# Material for this exercise
= = = =

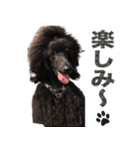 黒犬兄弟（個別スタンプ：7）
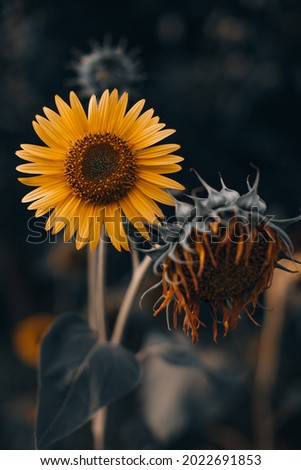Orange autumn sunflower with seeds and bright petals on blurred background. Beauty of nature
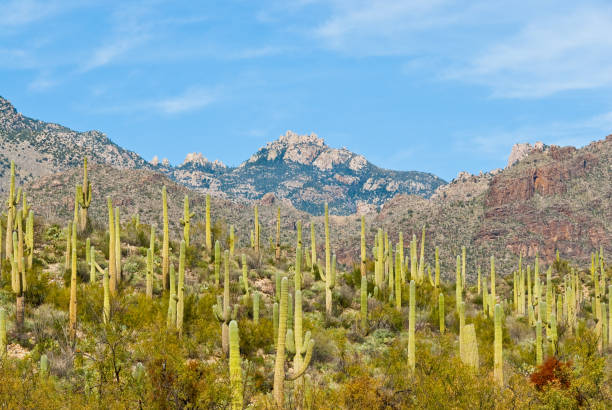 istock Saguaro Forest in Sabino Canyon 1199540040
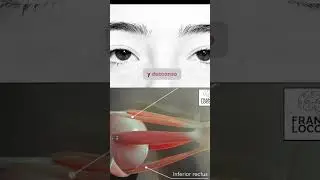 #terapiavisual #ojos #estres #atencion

= = = =

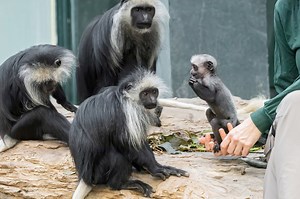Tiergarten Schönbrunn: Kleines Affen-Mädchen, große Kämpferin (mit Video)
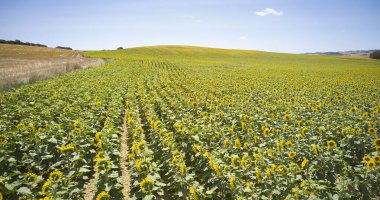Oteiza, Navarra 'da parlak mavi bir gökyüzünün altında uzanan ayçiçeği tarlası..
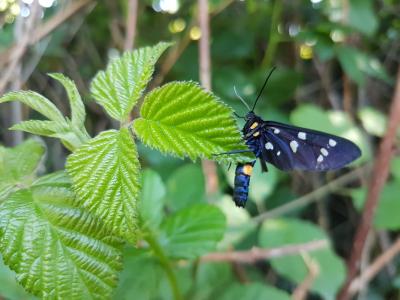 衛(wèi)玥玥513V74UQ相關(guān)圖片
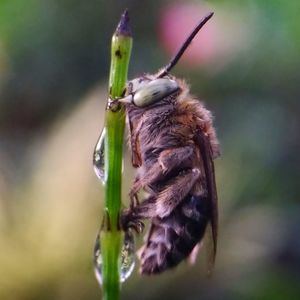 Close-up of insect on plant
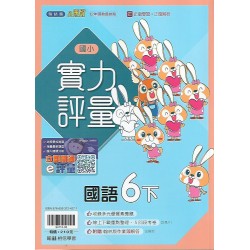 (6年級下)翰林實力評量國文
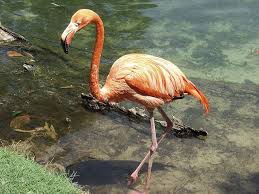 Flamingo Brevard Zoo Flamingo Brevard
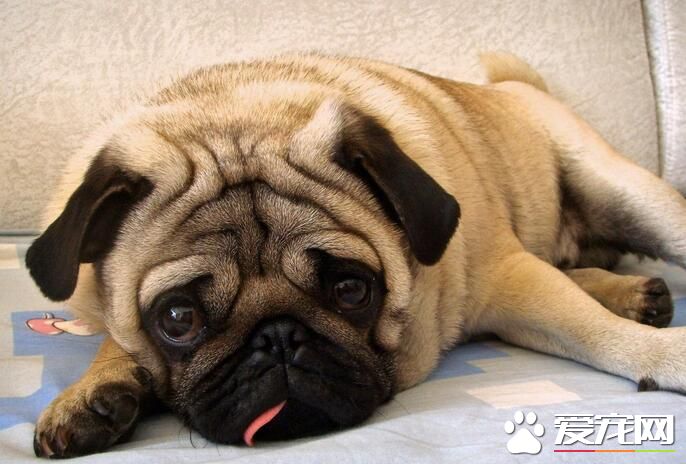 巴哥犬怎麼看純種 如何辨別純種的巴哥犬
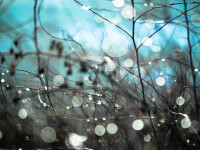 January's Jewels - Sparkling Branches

= = = =

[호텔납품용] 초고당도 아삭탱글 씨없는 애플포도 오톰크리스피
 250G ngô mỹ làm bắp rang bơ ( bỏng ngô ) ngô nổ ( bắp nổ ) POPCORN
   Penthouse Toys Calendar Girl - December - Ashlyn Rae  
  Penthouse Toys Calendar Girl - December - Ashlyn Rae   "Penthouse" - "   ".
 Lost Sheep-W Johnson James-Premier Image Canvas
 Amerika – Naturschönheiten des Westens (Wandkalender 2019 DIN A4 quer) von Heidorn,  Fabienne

= = = =

# Your assignment
A verbatim reproduction is expected: starting at the line above that has "黒犬兄弟（個別スタンプ：7）", ending at the line that has "#terapiavisual #ojos #estres #atencion", both included, and with no pictures and no other lines.

# Your solution
 黒犬兄弟（個別スタンプ：7）
Orange autumn sunflower with seeds and bright petals on blurred background. Beauty of nature
 istock Saguaro Forest in Sabino Canyon 1199540040
 #terapiavisual #ojos #estres #atencion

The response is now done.